─── Material supplied

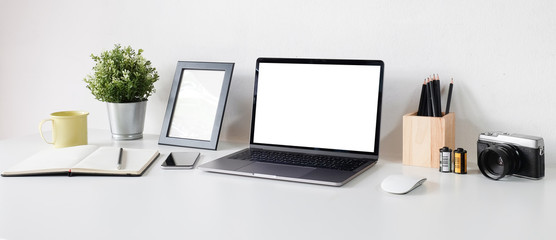 Fototapeta premium Workspace desk and laptop. copy space and blank screen. Business image, Blank screen laptop and supplies.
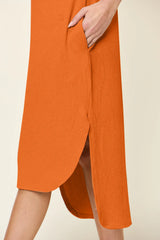 Women's tangerine round neck short sleeve midi dress with side slit and relaxed fit, available in sizes Small–3XL.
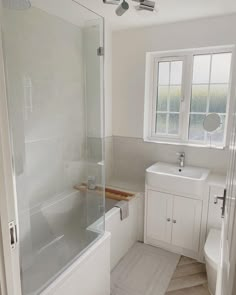 a bathroom with a sink, toilet and bathtub next to a window in it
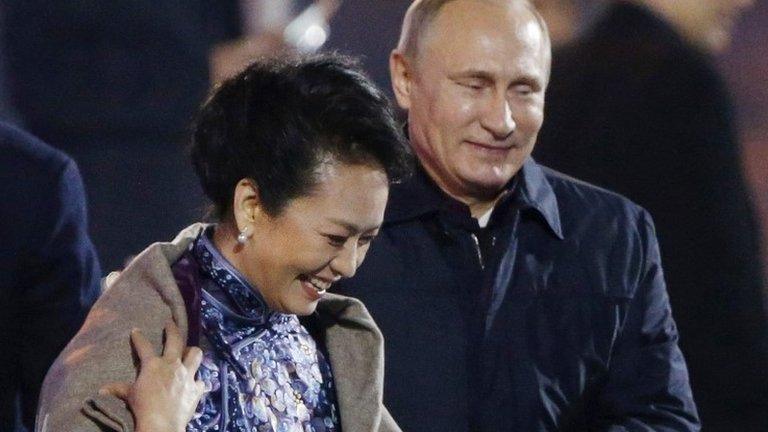 Russia"s President Vladimir Putin, right, puts a shawl on Peng Liyuan, left, wife of Chinese President Xi Jinping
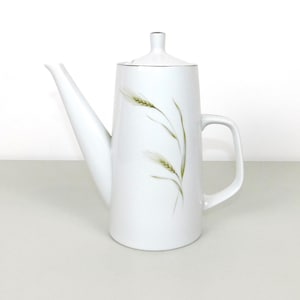 May include: White ceramic coffee pot with a silver trim and a design of green wheat stalks.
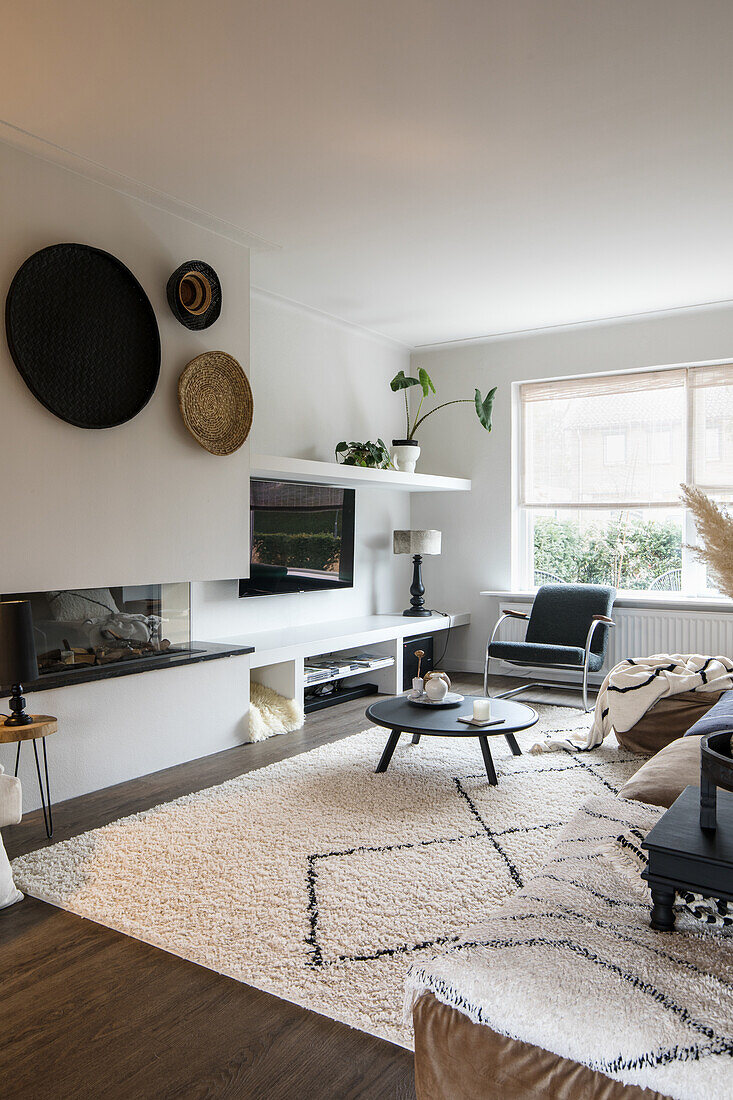 Living room with modern fireplace, fluffy rug and wall decoration made from baskets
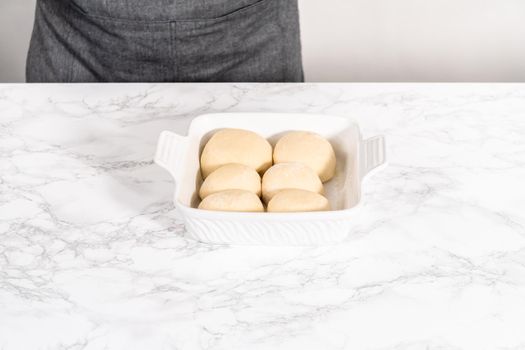 Rising dough in a white ceramic dish to prepare dinner rolls.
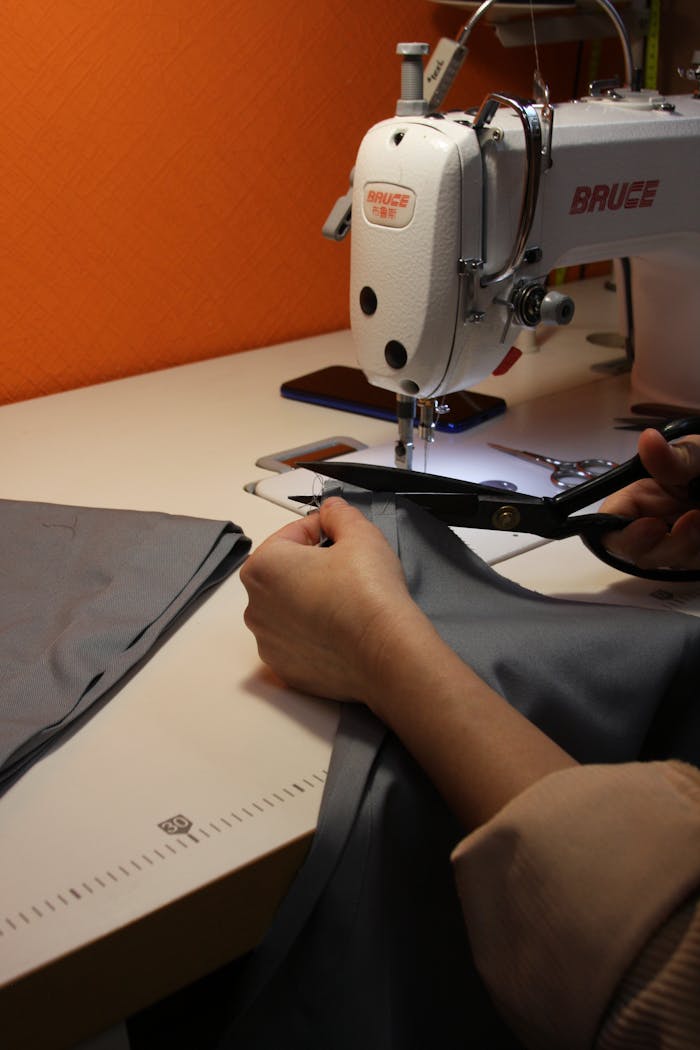 team-02 A person using scissors to cut fabric near a sewing machine, highlighting craftsmanship.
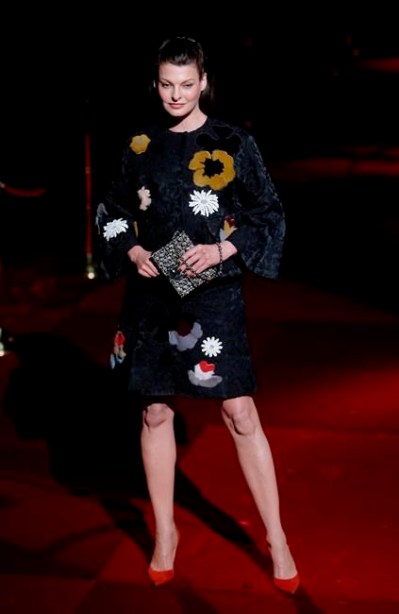Top model Linda Evangelista poses on the runway prior to a Dolce&Gabbana women's spring-summer 2015 show, part of the Milan Fashion Week, unveiled in Milan, on September 21, 2014. Canadian model Linda Evangelista, who commanded catwalks and magazine covers in the 1990s, is opening up about her private struggles with what she characterizes as a cosmetic treatment gone wrong. THE CANADIAN PRESS/AP, Luca Bruno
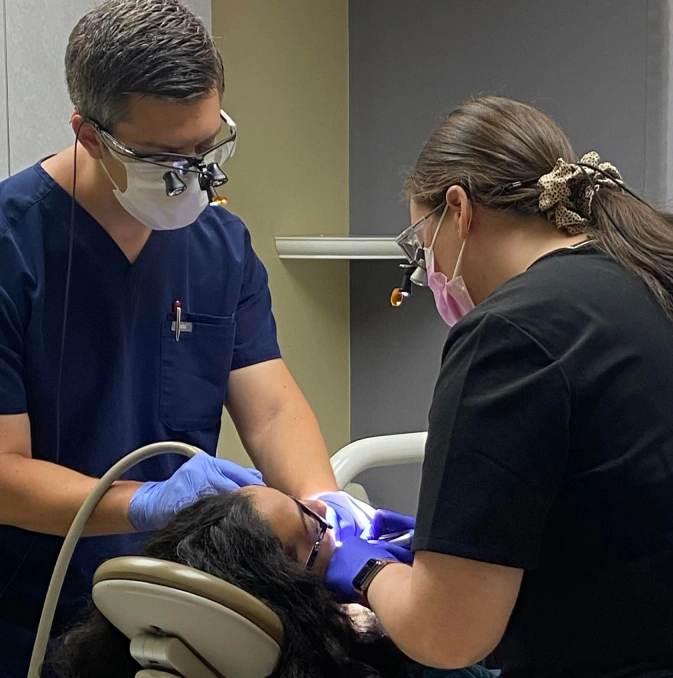 Dentist and assistant performing dental procedure on patient using blue light tool in clinical setting.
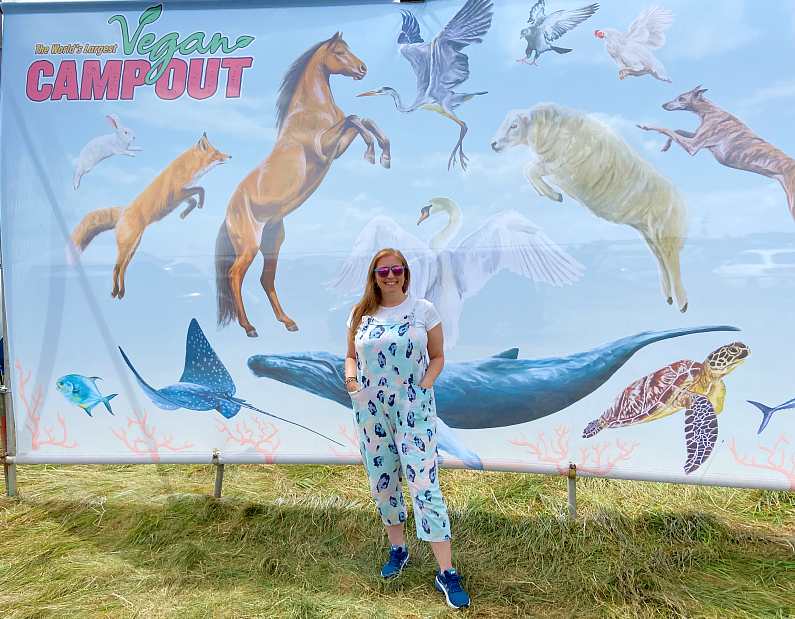 Mel stood in front of a Vegan Camp Out backdrop featuring the festival logo, farm animals and sea life wearing green and blue overalls, blue trainers and pink and green sunglasses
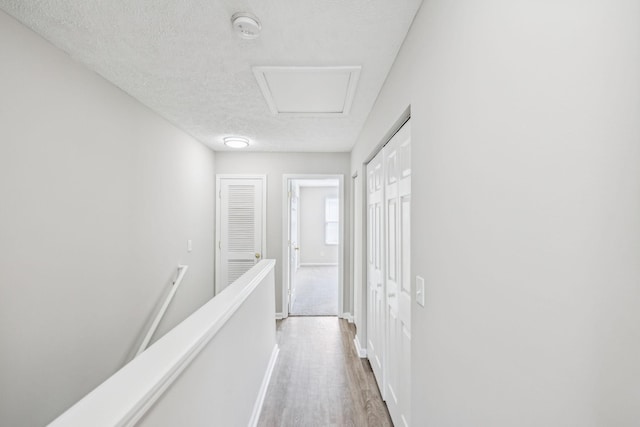 5428 Cedar Ash Xing, Antioch, TN 37013 - corridor with light wood-style flooring, attic access, a textured ceiling, and an upstairs landing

──────

# Task to complete
Without including any picture, write out the material above verbatim.

# Answer for the task
 Fototapeta premium Workspace desk and laptop. copy space and blank screen. Business image, Blank screen laptop and supplies.
 Women's tangerine round neck short sleeve midi dress with side slit and relaxed fit, available in sizes Small–3XL.
 a bathroom with a sink, toilet and bathtub next to a window in it
 Russia"s President Vladimir Putin, right, puts a shawl on Peng Liyuan, left, wife of Chinese President Xi Jinping
 May include: White ceramic coffee pot with a silver trim and a design of green wheat stalks.
 Living room with modern fireplace, fluffy rug and wall decoration made from baskets
 Rising dough in a white ceramic dish to prepare dinner rolls.
 team-02 A person using scissors to cut fabric near a sewing machine, highlighting craftsmanship.
Top model Linda Evangelista poses on the runway prior to a Dolce&Gabbana women's spring-summer 2015 show, part of the Milan Fashion Week, unveiled in Milan, on September 21, 2014. Canadian model Linda Evangelista, who commanded catwalks and magazine covers in the 1990s, is opening up about her private struggles with what she characterizes as a cosmetic treatment gone wrong. THE CANADIAN PRESS/AP, Luca Bruno
 Dentist and assistant performing dental procedure on patient using blue light tool in clinical setting.
 Mel stood in front of a Vegan Camp Out backdrop featuring the festival logo, farm animals and sea life wearing green and blue overalls, blue trainers and pink and green sunglasses
 5428 Cedar Ash Xing, Antioch, TN 37013 - corridor with light wood-style flooring, attic access, a textured ceiling, and an upstairs landing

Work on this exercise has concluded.